Start of Supplied data

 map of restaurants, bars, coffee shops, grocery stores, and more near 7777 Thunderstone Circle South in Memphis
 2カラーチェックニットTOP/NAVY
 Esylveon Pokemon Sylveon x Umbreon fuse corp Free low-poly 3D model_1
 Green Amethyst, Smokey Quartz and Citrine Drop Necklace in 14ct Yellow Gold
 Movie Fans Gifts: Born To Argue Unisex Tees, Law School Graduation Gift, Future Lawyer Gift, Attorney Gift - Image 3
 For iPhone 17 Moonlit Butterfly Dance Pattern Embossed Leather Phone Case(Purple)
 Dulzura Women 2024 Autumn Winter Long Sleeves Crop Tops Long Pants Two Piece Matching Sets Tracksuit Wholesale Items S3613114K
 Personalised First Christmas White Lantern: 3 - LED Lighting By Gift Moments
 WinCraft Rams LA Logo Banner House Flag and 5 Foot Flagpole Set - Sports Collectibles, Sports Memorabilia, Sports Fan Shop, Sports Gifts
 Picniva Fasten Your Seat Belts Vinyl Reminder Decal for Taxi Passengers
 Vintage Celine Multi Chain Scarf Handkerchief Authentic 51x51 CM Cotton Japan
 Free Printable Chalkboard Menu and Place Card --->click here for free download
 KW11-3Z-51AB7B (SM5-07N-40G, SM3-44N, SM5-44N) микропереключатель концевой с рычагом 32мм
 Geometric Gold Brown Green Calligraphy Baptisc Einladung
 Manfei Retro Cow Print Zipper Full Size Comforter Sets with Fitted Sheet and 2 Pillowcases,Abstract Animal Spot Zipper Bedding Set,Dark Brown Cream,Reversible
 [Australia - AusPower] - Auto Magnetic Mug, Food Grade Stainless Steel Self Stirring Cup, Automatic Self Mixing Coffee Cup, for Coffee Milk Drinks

End of Supplied data

**Work required**
Check each line of the entries for the string "Gifts". Copy the lines that have it.

**Expected answer**
 Movie Fans Gifts: Born To Argue Unisex Tees, Law School Graduation Gift, Future Lawyer Gift, Attorney Gift - Image 3
 WinCraft Rams LA Logo Banner House Flag and 5 Foot Flagpole Set - Sports Collectibles, Sports Memorabilia, Sports Fan Shop, Sports Gifts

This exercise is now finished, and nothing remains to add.